Sent: Wednesday, July 30, 2003 2:56 PM
To: Bob [mailto:email suppressed]
Subject: Food for thought

http://marshallbrain.com/robotic-nation.htm

(admittedly, some of the thoughts you’d be feeding would be cool, sci-fi ones, but I wouldn’t say that out loud, in fear of sounding pro-mech or anti-hum, to coin two phrases)

Eduo

———-
From: Bob [mailto:email suppressed]
Sent: Wednesday, July 30, 2003 3:25 PM
To: Eduo [mailto:email suppressed]
Subject: RE: Food for thought

I will probably be dead or at least retired by the dates he mentions, so I’m not quite as worried as I would be if I were younger. What I worry most about is that the upcoming generations will be able to provide me what I need when I’m old and feeble. :)

History has been full of people being overly pessimistic (as well as overly optimistic) about the effect of technological changes on society. I’m sure people were predicting gloom and doom as the Industrial Revolution got really going. What can happen is that as some types of jobs are eliminated other new ones are created.
(In italics above are the two messages preceding my rant below)

—–Original Message—–
From: Eduo [mailto:email suppressed]
Sent: Wednesday, July 30, 2003 4:05 PM
To: Bob [mailto:email suppressed]

Subject: Food for thought

Gloom and Doom may mean different things to different people. Back when the industrial revolution hit, those not willing to do anything else than what had done for twenty years were probably affected.

I see is as evolution, tho’. Nature’s selection of the fittest has adapted to new times, I guess, and «fittest» means other than having good birthing hips, being able to munch on stale meat instead of dying of food poisoning or having the longest hair to be pulled by horny cavemen (if we believe in cartoons).

I was thinking of sending an e-mail on my thoughts to this person, thinking of making both a «pro» and a «against» cases for his theories, the intent being that it’s easy to rationalize any future development. You don’t have anything to lose, if you’re not correct nobody will remember but if you are you’ll be recognized as a visionary.

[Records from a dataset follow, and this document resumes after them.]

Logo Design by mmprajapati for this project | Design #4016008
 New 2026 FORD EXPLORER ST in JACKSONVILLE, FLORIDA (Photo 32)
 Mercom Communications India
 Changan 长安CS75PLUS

I do believe that more and more things will be automated, because that is nothing new, it’s been an ongoing trend for years now and doesn’t look like it’s going to stop. I don’t believe humanoid robots would be used for anything else other than making people comfortable with non-humans being around. I don’t believe we would ever see robotic waiters in a fast-food joint for anything other than hipness or shock value, but I do believe you’d be able to go to the drive-in, punch what you want and have it waiting in a (n unmanned) window further down the lane. This to me makes sense. Having a robotic person doing the sale doesn’t. I don’t believe the two ends of the spectrum for food places (the mon’n pop coffee shop or the ultraexpensive french restaurants, for example) will ever disappear any more than I believe printed, non-computer-dependant books will be popular in the next twenty years (I do believe alternatives could crop up, like intelligent paper/ink or sintehtic replacements for wood pulp).

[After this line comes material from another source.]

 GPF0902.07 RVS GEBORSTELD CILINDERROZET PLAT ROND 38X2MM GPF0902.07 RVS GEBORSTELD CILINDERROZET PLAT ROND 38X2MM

Also, there’s the fact that he fails to acknowledge 4/5ths of the world, where having someone to do the cleaning for you costs 10 bucks a day (that’s Mexico, and it’s expensive compared to India or South Africa or China), which means that a 10K robot would take 3 years to pay itself for the same work (more if, like me, you have someone come over twice a week instead of daily).

I believe that we’re going to see more proliferation of small, specific appliances, like we currently have. We like tools but we like to feel we control them. Like in Physically control them. An Aibo pet-dog is cute but most importantly is small and manageable, a roomba vacuum cleaner is a robot that vacuums the house, but I bet it wouldn’t be nearly as popular if it was the size of Robbie, the Robot. We like our washing machines, dishwashers, dryers, automatic cruise control in the car and autopilots in planes, home alarm systems and tie racks for the closets and they are exactly that, specialized robots. I feel appliances like Roomba would crop up more and more and instead of having a humanoid robot (which while being admittedly able to fit in a humanoid environment is far from being a perfect or even somewhat optimal shape). By the time we’re completely at ease among technology and robotics we won’t mind much them not being humanoid, in the same way we don’t expect a dishwasher machine to look like it’s rubbing plates and forks.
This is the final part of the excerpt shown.